To examine the associations of genetic variation in the interleukin 1 (IL-1) cluster with diabetes and glucose homeostasis. We determined 15 single nucleotide polymorphisms in the IL-1α, IL-1β and IL-1 receptor antagonist (IL1RN) genes in a Finnish population sample of 6,771 individuals. Fasting glucose and insulin were determined from all participants. Indices of insulin resistance and beta cell function were calculated using the homeostasis model assessment (HOMA-IR and HOMA-β cell).
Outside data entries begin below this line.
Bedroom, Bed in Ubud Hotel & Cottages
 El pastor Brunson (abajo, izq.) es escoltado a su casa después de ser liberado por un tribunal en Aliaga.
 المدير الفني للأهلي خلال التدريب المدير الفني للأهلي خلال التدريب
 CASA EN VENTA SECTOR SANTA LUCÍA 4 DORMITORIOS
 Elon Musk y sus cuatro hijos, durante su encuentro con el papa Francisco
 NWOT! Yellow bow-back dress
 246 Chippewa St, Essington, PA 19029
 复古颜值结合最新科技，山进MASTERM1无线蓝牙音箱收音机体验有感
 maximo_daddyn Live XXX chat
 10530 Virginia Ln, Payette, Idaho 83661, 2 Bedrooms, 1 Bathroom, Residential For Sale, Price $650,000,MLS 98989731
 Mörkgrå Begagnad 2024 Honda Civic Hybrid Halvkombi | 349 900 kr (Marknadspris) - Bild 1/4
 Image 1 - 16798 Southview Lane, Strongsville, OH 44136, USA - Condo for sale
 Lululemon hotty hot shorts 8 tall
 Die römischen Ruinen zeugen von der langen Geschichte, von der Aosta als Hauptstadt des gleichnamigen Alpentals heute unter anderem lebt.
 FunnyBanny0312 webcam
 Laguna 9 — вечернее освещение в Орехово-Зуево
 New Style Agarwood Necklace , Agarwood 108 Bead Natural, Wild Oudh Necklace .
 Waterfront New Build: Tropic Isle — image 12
Two-hour oral glucose tolerance tests (OGTT) with insulin and glucose measurements at 30 min and 120 min were carried out on a subsample of 1,390 participants. Replication of the findings on prevalent diabetes was tested in another independent material of 972 European myocardial infarction (MI) survivors (AIRGENE). Replication of the associations with fasting insulin, glucose and HOMA-IR was searched from the publicly available Framingham SNP Health Association Resource (SHARe) database. In multivariate models haplotypic variation in the IL-1β SNPs rs1143634, rs3917356 and rs16944 was associated with prevalent diabetes among Health 2000 participants: rate ratio (RR) 1.54 (95% CI 1.03–2.30, p=0.037), comparing participants with two copies of the ACG haplotype with participants with no copy of the haplotype. This association was replicated among the European MI survivors: RR 2.09 (1.17–3.76, p=0.013). The same haplotype was associated with HOMA-IR (p=0.007), fasting insulin (p=0.021) and in the OGTT subsample with area under the glucose curve (AUC glucose) (p=0.0002). Rs1143634 was the tagging SNP of this haplotype and showed associations consistent with the haplotypic analyses. In the Framingham SNP Health Association Resource (SHARe) genome-wide data rs1374284 of the IL-1β gene is associated with fasting insulin and HOMA-IR (p=3.56e-4 and p=1.51e-4, respectively). Rs1374284 is in high LD with the rs1143634 (r2>0.80) most probably reflecting the same signal as observed in our study. Genetic variation in the IL-1 cluster is associated with prevalent diabetes and several measures of glucose homeostasis. The associations seem consistent in several populations of white European ancestry.